I’d known Daniel for a couple of years.  I’d seen him as an awkward teen, too tall and too big to do what we all so desperately want to do in high school – fit in.  The first time I met him, he assured me that he was a dumb jock.  But the questions he asked during my presentation betrayed his words of self-doubt.  He was engaged and funny, asked intelligent questions, and served as a great role model for the other students.  His deep voice and heavy brow couldn’t mask his keen mind and personality.  By the end of the year, he would find himself in a statewide leadership role with the Future Business Leaders of America.

Now, a year later, he was just as engaging, outgoing and talented.  And just as willing to believe that he wasn’t good enough.

Standing in the entry to the school, we all said our thank yous and good byes.  I reached up to hug Daniel.  When we stepped away, he looked at me with curiosity.

“You know, I can’t even guess at how old you are.”

“Thanks, Daniel.”

“No really, I can’t.  But it seems amazing that someone your age can live such a fulfilling life.”

When I left my job with the charity, it was to change my life.  I sold my house, quit my job, left my girlfriend and my dog, and took a leap.  The kids I worked with knew this.  Daniel knew this.

“It’s amazing,” he continued, “that you, at your age could be living like you are.  There are so many people who don’t even try until they’re 65.  And then they can’t even enjoy it because it’s too late.”

“Thanks.  That’s exactly why I’m choosing to live this way, Daniel.”

“I know, but who gets to do that?  I mean really, who gets to do-“ I cut him off.

“Anyone who chooses to.”

He looked at me.  And then he blundered on, “Yeah, but It’s really incredible.”

“Anyone who chooses to.”  I caught his eye with my hand and brought him to my eyes.  “Internalize this, Daniel.  Really.  Anyone who chooses to.

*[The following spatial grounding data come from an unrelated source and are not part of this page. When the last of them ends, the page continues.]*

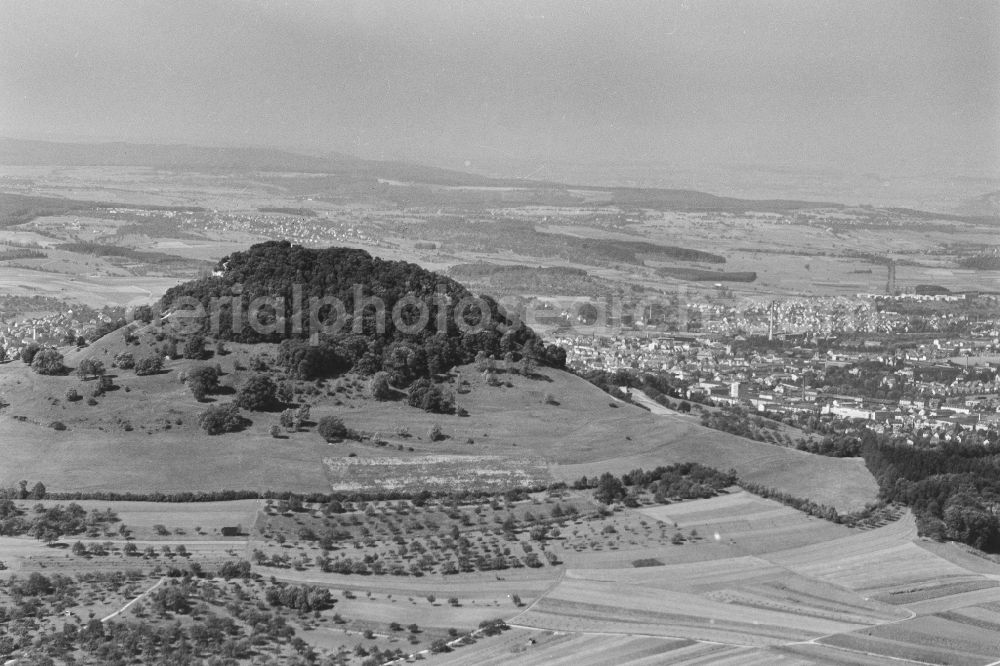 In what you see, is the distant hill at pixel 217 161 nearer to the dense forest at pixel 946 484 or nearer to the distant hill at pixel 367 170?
the distant hill at pixel 367 170

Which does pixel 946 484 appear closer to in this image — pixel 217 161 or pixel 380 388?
pixel 380 388

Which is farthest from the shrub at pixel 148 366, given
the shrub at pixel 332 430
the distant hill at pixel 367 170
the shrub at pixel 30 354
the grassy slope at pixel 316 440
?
the distant hill at pixel 367 170

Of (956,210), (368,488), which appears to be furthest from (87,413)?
(956,210)

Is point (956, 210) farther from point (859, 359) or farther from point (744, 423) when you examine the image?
point (744, 423)

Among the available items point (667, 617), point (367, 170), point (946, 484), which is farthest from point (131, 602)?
point (367, 170)

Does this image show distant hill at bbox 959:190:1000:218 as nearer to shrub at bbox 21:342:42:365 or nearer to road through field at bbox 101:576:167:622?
shrub at bbox 21:342:42:365


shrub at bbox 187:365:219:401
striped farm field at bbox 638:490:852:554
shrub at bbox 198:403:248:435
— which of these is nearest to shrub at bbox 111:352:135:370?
shrub at bbox 187:365:219:401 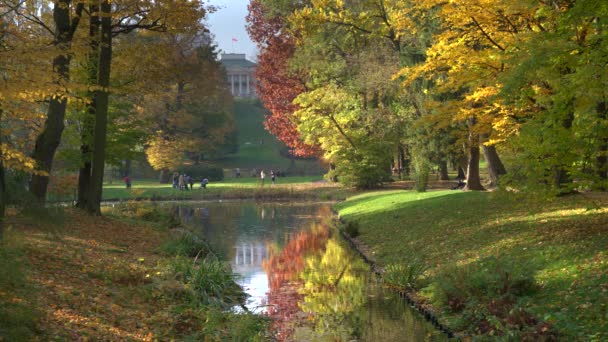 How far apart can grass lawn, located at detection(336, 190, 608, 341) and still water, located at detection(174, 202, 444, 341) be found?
0.88m

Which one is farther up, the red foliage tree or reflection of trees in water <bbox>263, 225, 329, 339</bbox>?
the red foliage tree

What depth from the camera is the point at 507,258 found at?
549 inches

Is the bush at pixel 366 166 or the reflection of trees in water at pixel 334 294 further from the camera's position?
the bush at pixel 366 166

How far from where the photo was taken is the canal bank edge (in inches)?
452

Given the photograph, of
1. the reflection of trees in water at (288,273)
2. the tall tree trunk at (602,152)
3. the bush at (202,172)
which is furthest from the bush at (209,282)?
the bush at (202,172)

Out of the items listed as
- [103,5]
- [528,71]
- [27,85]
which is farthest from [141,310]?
[103,5]

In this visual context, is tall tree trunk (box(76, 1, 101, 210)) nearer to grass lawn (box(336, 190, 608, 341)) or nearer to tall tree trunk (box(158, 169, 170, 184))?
grass lawn (box(336, 190, 608, 341))

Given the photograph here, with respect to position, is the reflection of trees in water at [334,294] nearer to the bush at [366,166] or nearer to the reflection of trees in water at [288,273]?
the reflection of trees in water at [288,273]

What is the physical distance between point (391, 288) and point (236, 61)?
148 meters

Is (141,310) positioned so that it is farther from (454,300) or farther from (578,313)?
(578,313)

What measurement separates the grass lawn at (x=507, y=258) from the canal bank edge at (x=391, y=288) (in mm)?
192

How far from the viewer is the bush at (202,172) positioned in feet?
206

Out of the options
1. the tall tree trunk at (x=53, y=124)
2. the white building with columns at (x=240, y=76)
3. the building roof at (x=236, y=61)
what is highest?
the building roof at (x=236, y=61)

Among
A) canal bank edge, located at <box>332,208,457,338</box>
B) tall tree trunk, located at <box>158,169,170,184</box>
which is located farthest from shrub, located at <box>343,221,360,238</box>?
tall tree trunk, located at <box>158,169,170,184</box> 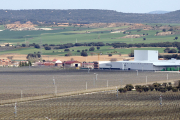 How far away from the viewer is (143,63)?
90.6 meters

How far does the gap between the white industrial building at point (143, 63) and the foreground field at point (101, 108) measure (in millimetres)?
39167

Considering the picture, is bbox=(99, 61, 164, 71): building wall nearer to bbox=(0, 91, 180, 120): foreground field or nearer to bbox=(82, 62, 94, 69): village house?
bbox=(82, 62, 94, 69): village house

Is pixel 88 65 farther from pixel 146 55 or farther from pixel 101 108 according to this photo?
pixel 101 108

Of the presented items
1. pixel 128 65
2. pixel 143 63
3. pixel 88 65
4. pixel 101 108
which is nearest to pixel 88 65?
pixel 88 65

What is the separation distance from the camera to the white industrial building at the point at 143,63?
8931 cm

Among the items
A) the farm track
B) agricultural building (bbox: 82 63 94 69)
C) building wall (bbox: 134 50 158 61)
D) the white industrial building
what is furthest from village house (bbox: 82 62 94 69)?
the farm track

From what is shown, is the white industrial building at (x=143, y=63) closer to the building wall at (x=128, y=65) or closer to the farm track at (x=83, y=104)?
the building wall at (x=128, y=65)

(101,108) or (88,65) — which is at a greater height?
(88,65)

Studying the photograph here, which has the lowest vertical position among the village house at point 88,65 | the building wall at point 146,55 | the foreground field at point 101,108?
the foreground field at point 101,108

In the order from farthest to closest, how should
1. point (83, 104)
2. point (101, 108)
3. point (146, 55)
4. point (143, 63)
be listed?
1. point (146, 55)
2. point (143, 63)
3. point (83, 104)
4. point (101, 108)

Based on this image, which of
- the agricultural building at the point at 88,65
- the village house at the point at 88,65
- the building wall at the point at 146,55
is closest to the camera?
the building wall at the point at 146,55

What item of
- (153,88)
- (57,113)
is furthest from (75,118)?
(153,88)

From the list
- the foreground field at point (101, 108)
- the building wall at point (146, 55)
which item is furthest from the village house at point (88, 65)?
the foreground field at point (101, 108)

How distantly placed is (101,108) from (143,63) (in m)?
52.1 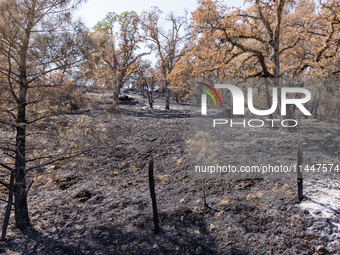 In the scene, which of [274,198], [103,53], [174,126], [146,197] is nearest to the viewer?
[274,198]

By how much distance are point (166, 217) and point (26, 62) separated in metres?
4.10

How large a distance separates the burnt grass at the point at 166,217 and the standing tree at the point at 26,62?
93 cm

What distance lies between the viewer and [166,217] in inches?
188

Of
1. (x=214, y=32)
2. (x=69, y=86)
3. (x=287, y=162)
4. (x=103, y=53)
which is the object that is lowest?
(x=287, y=162)

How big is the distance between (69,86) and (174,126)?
8.25 meters

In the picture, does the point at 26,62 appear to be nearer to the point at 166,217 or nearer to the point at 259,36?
the point at 166,217

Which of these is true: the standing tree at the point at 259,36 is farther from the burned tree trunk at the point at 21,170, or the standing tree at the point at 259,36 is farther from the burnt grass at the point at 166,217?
the burned tree trunk at the point at 21,170

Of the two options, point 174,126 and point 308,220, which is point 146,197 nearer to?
point 308,220

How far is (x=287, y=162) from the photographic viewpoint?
635 cm

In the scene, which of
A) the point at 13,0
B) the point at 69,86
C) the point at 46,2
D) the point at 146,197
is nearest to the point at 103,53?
the point at 69,86

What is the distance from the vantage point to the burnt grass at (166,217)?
152 inches

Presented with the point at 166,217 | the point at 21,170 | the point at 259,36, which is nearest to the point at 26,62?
the point at 21,170

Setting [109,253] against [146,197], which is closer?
[109,253]

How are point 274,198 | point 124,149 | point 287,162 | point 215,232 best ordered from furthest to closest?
point 124,149, point 287,162, point 274,198, point 215,232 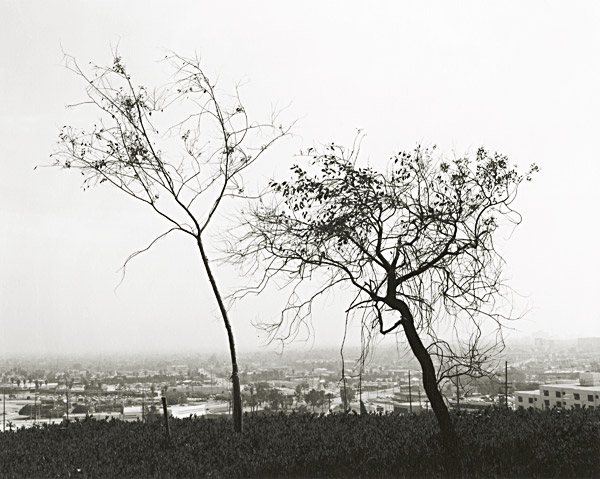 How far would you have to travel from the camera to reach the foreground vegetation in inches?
263

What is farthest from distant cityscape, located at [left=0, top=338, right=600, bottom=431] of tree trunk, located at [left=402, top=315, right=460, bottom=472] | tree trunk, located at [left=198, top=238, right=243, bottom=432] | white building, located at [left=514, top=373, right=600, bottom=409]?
tree trunk, located at [left=402, top=315, right=460, bottom=472]

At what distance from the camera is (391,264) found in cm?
786

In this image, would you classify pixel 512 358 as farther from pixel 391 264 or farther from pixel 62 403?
pixel 62 403

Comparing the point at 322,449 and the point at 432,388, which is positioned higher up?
the point at 432,388

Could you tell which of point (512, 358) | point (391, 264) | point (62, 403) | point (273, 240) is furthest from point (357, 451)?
point (62, 403)

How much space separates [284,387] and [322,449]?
13.4ft

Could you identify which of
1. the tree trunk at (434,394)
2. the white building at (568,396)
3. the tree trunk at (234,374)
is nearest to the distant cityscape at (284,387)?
the white building at (568,396)

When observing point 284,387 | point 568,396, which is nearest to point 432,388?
point 568,396

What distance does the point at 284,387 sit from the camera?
11305 mm

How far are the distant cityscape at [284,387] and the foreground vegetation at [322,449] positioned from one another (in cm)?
113

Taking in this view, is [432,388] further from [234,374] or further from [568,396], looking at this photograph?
[568,396]

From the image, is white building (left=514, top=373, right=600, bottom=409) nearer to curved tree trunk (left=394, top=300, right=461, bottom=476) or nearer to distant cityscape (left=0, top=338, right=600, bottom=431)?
distant cityscape (left=0, top=338, right=600, bottom=431)

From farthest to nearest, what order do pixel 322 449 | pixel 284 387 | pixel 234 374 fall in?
pixel 284 387, pixel 234 374, pixel 322 449

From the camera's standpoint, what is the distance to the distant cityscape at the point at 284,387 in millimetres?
10398
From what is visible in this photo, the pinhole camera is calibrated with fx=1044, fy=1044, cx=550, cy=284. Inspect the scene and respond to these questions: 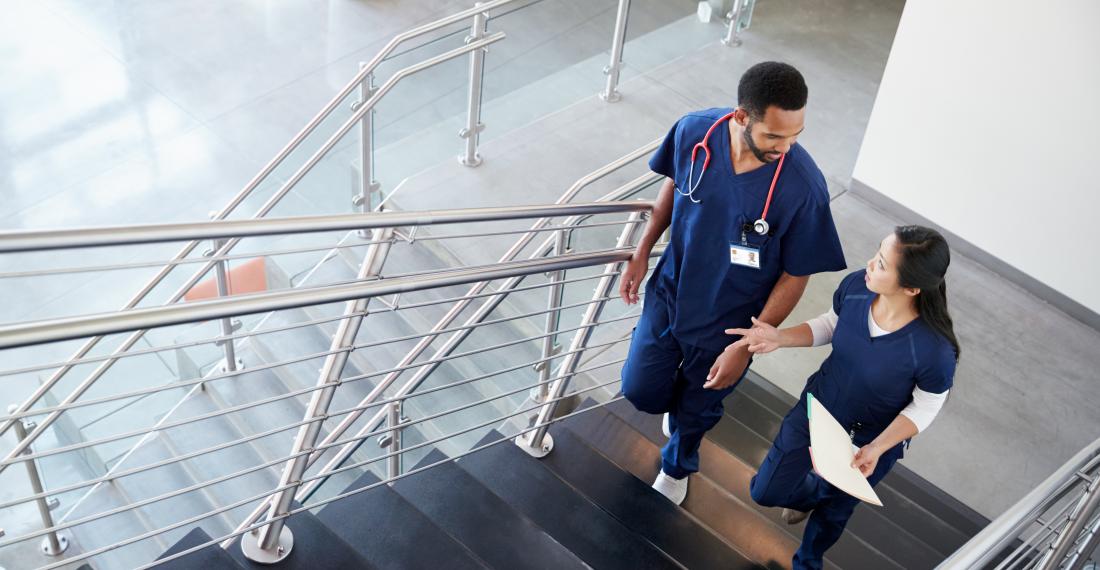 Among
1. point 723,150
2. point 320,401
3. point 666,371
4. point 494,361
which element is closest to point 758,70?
point 723,150

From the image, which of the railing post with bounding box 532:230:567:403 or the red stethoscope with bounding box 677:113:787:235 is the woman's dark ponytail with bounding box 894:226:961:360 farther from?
the railing post with bounding box 532:230:567:403

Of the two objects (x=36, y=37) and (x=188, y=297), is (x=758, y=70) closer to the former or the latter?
(x=188, y=297)

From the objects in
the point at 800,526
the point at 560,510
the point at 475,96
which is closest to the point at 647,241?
the point at 560,510

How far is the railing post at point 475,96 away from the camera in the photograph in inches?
190

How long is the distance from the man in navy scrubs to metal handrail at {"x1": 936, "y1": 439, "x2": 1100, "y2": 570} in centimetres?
67

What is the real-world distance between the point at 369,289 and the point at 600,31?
12.0 feet

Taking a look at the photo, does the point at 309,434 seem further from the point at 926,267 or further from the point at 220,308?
the point at 926,267

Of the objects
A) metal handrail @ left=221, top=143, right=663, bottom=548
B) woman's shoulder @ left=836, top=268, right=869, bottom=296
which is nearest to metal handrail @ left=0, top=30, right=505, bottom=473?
metal handrail @ left=221, top=143, right=663, bottom=548

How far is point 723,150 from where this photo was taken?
8.39 feet

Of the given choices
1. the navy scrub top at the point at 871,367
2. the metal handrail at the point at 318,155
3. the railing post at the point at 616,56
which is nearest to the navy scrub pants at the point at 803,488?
the navy scrub top at the point at 871,367

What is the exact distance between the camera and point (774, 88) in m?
2.33

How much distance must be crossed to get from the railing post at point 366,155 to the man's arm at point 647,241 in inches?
79.1

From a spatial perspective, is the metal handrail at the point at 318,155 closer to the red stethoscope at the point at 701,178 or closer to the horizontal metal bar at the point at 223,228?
the horizontal metal bar at the point at 223,228

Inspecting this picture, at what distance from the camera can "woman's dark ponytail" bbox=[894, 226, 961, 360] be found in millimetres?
2324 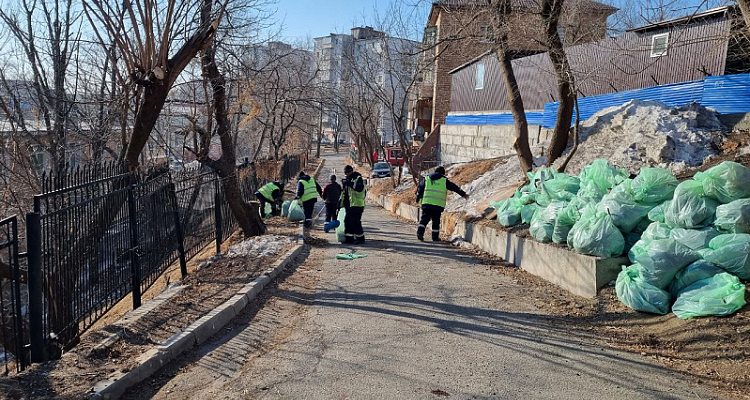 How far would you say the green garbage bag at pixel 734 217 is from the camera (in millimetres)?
5141

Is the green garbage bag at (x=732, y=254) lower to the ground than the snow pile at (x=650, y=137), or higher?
lower

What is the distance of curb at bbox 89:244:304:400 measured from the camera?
3.94m

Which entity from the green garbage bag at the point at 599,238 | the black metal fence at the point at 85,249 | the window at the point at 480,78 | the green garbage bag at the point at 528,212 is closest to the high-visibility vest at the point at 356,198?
the black metal fence at the point at 85,249

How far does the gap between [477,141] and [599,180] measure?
16.4m

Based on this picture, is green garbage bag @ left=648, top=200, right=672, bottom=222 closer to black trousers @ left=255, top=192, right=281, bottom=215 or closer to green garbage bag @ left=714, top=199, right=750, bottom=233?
green garbage bag @ left=714, top=199, right=750, bottom=233

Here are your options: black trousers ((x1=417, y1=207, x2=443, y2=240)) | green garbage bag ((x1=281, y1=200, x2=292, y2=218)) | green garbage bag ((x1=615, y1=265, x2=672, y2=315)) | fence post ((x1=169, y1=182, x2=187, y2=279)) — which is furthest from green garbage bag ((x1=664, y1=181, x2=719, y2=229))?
green garbage bag ((x1=281, y1=200, x2=292, y2=218))

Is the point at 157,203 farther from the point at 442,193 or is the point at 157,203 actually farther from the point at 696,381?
the point at 696,381

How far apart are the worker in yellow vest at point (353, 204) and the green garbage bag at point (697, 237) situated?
237 inches

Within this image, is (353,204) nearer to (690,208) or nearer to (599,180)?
(599,180)

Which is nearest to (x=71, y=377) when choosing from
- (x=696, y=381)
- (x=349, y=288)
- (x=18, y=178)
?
(x=349, y=288)

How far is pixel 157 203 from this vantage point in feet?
24.4

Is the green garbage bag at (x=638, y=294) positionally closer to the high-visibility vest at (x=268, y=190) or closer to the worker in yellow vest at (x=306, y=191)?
the worker in yellow vest at (x=306, y=191)

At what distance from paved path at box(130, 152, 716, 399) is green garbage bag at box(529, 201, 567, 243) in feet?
2.86

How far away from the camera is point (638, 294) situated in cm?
533
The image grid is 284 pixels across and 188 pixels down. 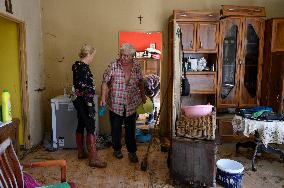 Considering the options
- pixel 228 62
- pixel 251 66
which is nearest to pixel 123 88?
pixel 228 62

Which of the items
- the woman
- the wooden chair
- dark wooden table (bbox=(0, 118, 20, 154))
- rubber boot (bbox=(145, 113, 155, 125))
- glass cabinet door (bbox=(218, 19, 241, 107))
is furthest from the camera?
rubber boot (bbox=(145, 113, 155, 125))

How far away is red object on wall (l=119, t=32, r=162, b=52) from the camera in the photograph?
4.10 m

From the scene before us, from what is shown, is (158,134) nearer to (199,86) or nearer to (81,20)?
(199,86)

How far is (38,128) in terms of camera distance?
3.87 meters

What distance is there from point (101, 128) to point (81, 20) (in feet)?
5.70

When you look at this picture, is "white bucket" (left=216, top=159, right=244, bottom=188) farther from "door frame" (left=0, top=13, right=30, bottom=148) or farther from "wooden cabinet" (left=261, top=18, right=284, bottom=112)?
"door frame" (left=0, top=13, right=30, bottom=148)

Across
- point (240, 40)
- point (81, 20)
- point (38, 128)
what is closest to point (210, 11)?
point (240, 40)

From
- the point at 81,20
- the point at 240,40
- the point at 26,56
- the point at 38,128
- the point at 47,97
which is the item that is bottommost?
the point at 38,128

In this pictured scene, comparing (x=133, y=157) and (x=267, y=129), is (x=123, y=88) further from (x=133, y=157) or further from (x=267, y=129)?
(x=267, y=129)

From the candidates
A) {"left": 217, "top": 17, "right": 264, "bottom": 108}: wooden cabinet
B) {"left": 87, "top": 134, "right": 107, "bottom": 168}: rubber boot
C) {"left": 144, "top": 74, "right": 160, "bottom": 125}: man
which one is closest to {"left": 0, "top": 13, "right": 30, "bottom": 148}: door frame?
{"left": 87, "top": 134, "right": 107, "bottom": 168}: rubber boot

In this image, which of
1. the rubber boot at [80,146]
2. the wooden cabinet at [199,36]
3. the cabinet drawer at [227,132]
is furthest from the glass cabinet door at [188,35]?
the rubber boot at [80,146]

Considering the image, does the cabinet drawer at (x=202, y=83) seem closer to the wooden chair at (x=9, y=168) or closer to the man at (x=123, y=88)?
the man at (x=123, y=88)

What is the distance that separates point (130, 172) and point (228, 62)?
223 centimetres

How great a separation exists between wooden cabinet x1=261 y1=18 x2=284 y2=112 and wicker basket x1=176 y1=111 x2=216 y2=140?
174cm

That’s who gets to live like this.  End of story.”

The beautiful boy stopped.  And he listened.  Still looking at my eyes, he nodded once.

“Okay.”

I smiled, nodded back, pulled my visitor’s badge off my shirt and tossed it in the trash as I walked out the door.

Once in the rainy winter air of Portland, I breathed.  Maybe – just maybe – if I was lucky – he’d heard me.  And maybe that would be what he remembered in 10 years when he looked back to this day, and not how he’d ruined the picture.  And maybe – just maybe, he’d remember that he gets to choose.